CpG localization and regulatory region analyses

The 8899 differentially methylated CpGs in relation to continuous gestational age in the no complications model were enriched for localization to CpG island shores (33% of the 8899 CpGs are in shores, whereas 23% of all CpGs on the 450 K array are in shores, Penrichment = 4.1× 10− 100, Fig. 3), open sea (45% versus 37%, Penrichment = 1.4 × 10− 63), enhancers (37% versus 22%, Penrichment = 1.05 × 10− 236), DNase hypersensitivity sites (18% versus 12%, Penrichment = 1.3× 10− 56) and CpG island shelves (12% versus 10%, Penrichment = 1.2 × 10− 11) (Fig. 3). In contrast, we found relative depletion in CpG islands (10% versus 31%, Penrichment = 2.2 × 10− 308), FANTOM 4 promoters (2.3% versus 6.7%, Penrichment = 6.7 × 10− 79) and promoter-associated regions (11% versus 19%, Penrichment = 2.2 × 10− 104).

Fig. 3
figure 3

Position enrichment analyses for CpGs.
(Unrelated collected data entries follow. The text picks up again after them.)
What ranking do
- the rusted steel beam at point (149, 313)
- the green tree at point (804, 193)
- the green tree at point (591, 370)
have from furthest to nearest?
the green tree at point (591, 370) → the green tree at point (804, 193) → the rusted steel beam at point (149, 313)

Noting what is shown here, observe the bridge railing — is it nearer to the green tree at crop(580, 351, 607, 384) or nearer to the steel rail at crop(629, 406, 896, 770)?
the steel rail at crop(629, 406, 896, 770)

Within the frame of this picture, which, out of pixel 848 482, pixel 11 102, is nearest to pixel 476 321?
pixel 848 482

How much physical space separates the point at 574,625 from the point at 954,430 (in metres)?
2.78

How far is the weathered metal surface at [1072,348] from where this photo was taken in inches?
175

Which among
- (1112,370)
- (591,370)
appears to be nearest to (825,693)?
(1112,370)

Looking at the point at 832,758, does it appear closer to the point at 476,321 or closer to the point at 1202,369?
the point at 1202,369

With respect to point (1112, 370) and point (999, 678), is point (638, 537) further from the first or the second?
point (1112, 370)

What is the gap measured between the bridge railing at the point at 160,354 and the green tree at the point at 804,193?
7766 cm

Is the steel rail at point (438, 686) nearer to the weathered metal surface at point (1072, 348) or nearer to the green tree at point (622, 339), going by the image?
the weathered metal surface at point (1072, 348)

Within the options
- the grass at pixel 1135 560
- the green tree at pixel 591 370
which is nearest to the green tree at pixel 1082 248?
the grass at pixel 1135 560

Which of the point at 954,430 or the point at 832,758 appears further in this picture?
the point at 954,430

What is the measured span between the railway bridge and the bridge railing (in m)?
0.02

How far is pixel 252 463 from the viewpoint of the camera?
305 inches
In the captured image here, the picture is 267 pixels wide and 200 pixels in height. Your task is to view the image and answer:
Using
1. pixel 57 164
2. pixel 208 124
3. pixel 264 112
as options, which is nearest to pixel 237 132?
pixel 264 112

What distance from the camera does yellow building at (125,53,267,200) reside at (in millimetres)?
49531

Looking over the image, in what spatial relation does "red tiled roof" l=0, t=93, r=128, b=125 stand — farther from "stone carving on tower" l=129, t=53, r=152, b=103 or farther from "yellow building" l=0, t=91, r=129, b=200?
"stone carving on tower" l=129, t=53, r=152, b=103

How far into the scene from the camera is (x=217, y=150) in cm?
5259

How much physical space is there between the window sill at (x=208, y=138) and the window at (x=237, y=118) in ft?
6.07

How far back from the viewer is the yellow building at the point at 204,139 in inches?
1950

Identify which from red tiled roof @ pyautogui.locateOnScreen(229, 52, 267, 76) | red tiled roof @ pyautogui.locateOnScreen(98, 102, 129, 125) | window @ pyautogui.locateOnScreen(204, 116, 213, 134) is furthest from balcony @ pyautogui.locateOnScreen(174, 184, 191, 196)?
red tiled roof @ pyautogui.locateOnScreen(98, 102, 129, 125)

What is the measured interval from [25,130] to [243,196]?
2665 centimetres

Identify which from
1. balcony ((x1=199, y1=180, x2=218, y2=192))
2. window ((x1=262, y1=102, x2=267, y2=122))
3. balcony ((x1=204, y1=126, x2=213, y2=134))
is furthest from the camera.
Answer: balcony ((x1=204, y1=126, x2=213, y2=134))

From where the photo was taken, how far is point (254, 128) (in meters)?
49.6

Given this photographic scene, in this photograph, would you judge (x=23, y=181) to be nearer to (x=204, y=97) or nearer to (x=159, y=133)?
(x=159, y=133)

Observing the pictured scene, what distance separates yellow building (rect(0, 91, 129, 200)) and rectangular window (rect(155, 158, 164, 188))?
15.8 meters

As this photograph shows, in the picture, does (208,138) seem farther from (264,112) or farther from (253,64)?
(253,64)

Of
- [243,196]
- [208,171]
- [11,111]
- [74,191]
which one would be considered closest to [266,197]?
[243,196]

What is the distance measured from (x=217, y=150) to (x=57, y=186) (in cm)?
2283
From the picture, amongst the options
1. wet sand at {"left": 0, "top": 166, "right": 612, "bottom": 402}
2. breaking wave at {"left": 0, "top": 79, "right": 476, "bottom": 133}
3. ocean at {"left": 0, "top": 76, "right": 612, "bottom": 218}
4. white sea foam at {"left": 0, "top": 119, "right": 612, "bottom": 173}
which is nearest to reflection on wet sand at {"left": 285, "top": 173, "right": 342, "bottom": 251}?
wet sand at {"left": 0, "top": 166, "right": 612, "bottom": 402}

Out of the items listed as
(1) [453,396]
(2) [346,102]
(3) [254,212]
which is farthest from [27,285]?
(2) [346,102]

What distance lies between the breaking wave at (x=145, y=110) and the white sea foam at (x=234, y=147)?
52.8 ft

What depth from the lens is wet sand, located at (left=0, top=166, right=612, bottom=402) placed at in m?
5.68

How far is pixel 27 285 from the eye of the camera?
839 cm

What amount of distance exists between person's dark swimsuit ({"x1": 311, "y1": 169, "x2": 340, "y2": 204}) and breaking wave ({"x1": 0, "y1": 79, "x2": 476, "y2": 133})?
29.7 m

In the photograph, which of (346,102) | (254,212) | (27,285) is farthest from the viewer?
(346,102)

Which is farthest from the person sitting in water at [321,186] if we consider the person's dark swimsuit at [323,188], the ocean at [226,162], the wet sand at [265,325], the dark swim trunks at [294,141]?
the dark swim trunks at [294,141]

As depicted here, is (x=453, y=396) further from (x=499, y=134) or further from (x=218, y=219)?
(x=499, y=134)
Salmon: all CpGs in the Illumina450k annotation file, green: CpGs significantly associated with GA after Bonferroni correction (P < 1.06 × 10− 7) and blue: three or more adjacent CpGs associated with GA after Bonferroni correction (P < 1.06 × 10− 7). “**” represent significant two-sided doubling mid P value of the hypergeometric test

Analysis restricted to term-births

To evaluate whether observed DNA methylation differences in relation to continuous gestational age were driven by preterm birth, we repeated the no complication model including only infants born at term (gestational age 37 to 42 weeks). In this analysis, we meta-analysed results from 18 cohorts (one additional cohort with term-birth data only was included; GEN3G) (n = 3593). We identified 5930 sites significantly associated with gestational age at Bonferroni correction (P < 1.06 × 10− 7, median difference in mean methylation per additional gestational week = 0.43%, IQR = [0.32%–0.58%]). The vast majority (5399; 91%) of these differentially methylated CpGs overlapped with those found in the main analyses (no complications model) without exclusion of those born preterm (Fig. 4).

Fig. 4
figure 4

Overlap between Bonferroni-significant CpG sites from two different analyses after exclusion of maternal and delivery start with induction or caesarean section (“no complication” model). The blue colour represents the continuous gestational age main model, and the green represents the continuous model restricted to term only. Overlap of findings alters the colour

Selection of CpGs for downstream analyses

Given the large number of significant associations in our main model (8899 CpGs), we focused subsequent analyses on loci including at least three adjacent CpGs that survived Bonferroni correction [43]. There were 1276 differentially methylated CpGs in 325 unique genes that fulfilled this criterion (Additional file 1: Table S5). As in the overall data, we observed a slight predominance of negative (n = 702; 55%) versus positive (n = 574; 45%) directions of effect (Fig. 2a). The lowest P value, P = 1.2 × 10− 93, was observed for cg04276536 (CCDC102A, chromosome 16). As for the full EWAS results, the largest negative and positive association effect sizes were observed for cg04347477 (NCOR2) and cg13036381 (LOC401097), respectively. These 1276 CpGs had the same CpG localization enrichment pattern as the full set of Bonferroni-significant CpGs (n = 8899), except that there was a relative depletion in CpG island shelves (7.6% versus 10% overall, Penrichment = 2.3 × 10− 12) and open sea (32% versus 37%, Penrichment = 2.4 × 10− 12) (Fig. 3).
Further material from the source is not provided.